Could you copy exactly the lines below from the one with "Hello guys, welcome" to the one with "In this case, since", inclusive, leaving out any pictures?

## Dataset
Start of Block

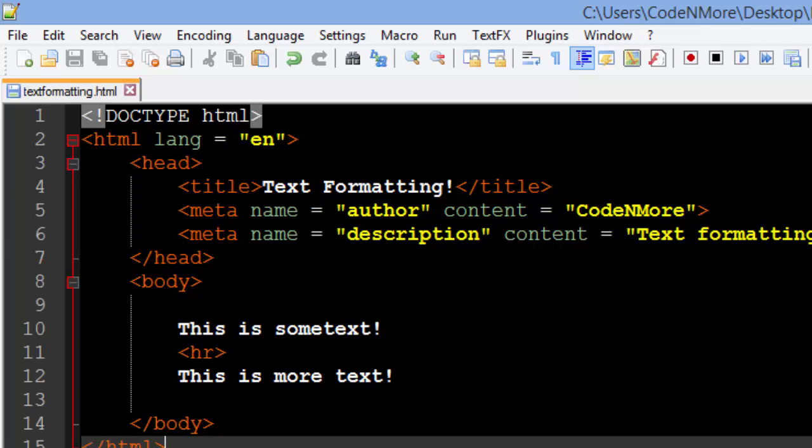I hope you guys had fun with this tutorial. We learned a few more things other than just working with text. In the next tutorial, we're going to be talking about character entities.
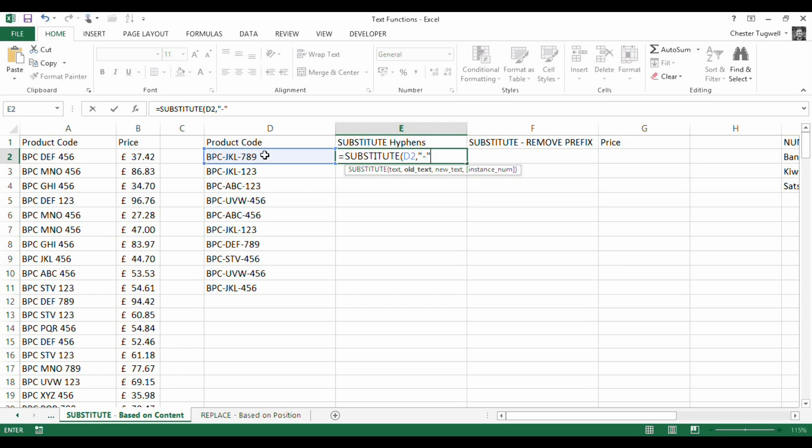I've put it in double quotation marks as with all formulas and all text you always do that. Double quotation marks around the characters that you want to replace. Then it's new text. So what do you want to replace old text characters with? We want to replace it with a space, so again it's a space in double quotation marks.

End of Block
Start of Block

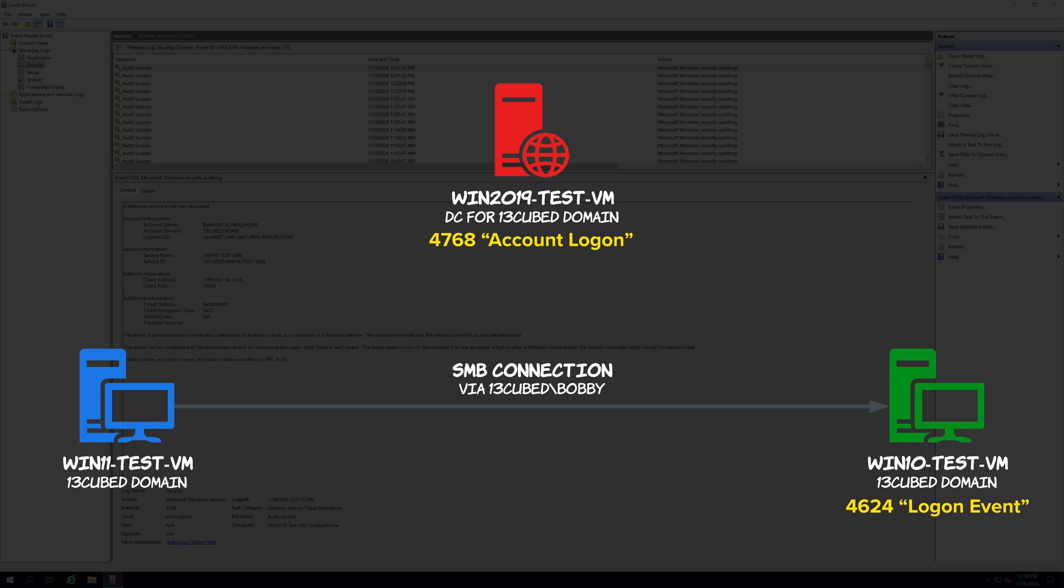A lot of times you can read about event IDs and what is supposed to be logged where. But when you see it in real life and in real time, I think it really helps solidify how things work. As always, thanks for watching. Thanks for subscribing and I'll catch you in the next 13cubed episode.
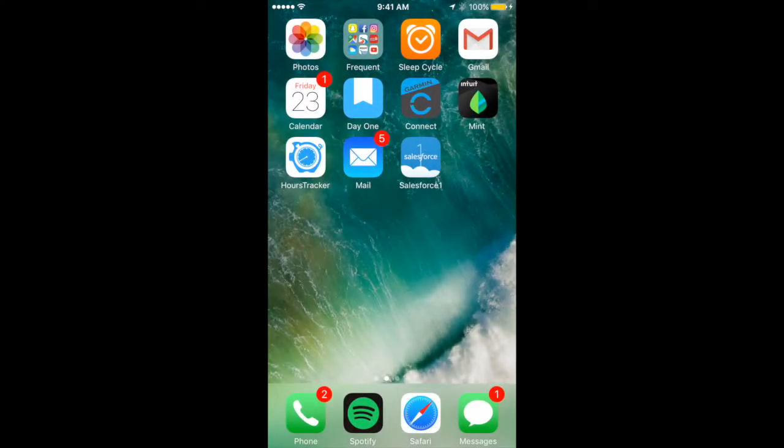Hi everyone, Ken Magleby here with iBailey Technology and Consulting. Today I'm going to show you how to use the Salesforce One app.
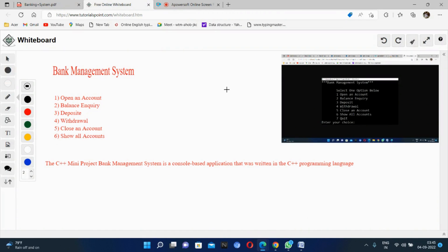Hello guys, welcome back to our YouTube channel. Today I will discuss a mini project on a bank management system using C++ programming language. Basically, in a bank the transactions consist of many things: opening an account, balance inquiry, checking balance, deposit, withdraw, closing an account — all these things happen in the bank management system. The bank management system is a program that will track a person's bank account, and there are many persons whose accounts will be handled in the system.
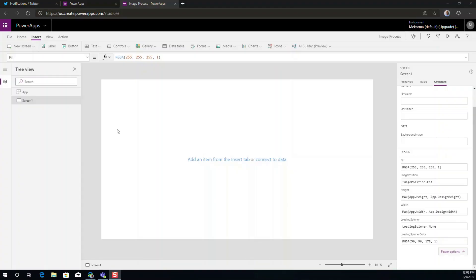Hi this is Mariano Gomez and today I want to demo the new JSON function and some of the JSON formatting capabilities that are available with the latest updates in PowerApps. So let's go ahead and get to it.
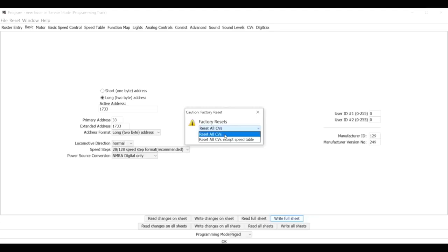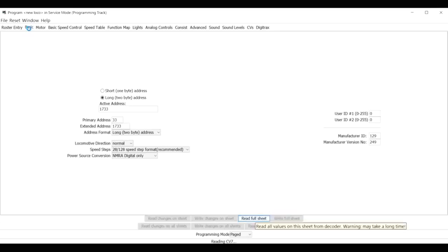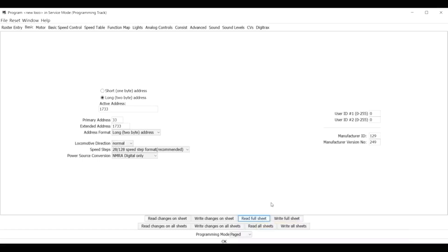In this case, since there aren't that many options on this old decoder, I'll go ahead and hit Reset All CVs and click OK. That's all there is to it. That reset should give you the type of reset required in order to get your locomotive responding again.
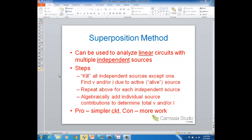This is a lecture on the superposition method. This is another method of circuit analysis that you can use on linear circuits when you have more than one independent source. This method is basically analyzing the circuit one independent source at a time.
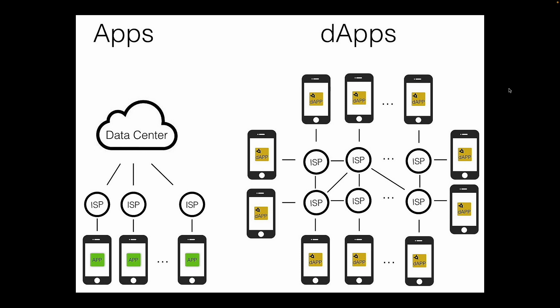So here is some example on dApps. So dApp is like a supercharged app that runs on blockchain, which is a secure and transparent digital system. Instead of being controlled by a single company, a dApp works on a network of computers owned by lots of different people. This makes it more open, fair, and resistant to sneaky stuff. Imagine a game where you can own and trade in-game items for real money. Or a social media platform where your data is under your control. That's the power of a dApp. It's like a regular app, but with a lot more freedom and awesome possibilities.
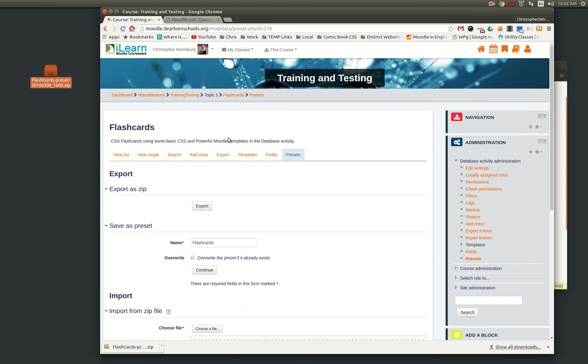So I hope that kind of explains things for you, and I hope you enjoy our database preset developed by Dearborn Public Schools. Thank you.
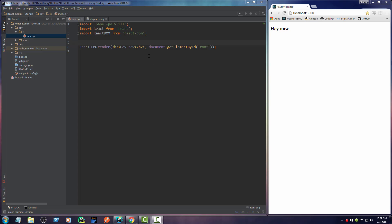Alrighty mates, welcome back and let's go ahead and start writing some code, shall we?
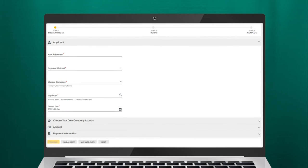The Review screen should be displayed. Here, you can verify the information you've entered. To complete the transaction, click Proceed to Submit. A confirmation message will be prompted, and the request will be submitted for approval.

End of Block

## Solution
Hello guys, welcome back to our YouTube channel. Today I will discuss a mini project on a bank management system using C++ programming language. Basically, in a bank the transactions consist of many things: opening an account, balance inquiry, checking balance, deposit, withdraw, closing an account — all these things happen in the bank management system. The bank management system is a program that will track a person's bank account, and there are many persons whose accounts will be handled in the system.
Hi this is Mariano Gomez and today I want to demo the new JSON function and some of the JSON formatting capabilities that are available with the latest updates in PowerApps. So let's go ahead and get to it.
In this case, since there aren't that many options on this old decoder, I'll go ahead and hit Reset All CVs and click OK. That's all there is to it. That reset should give you the type of reset required in order to get your locomotive responding again.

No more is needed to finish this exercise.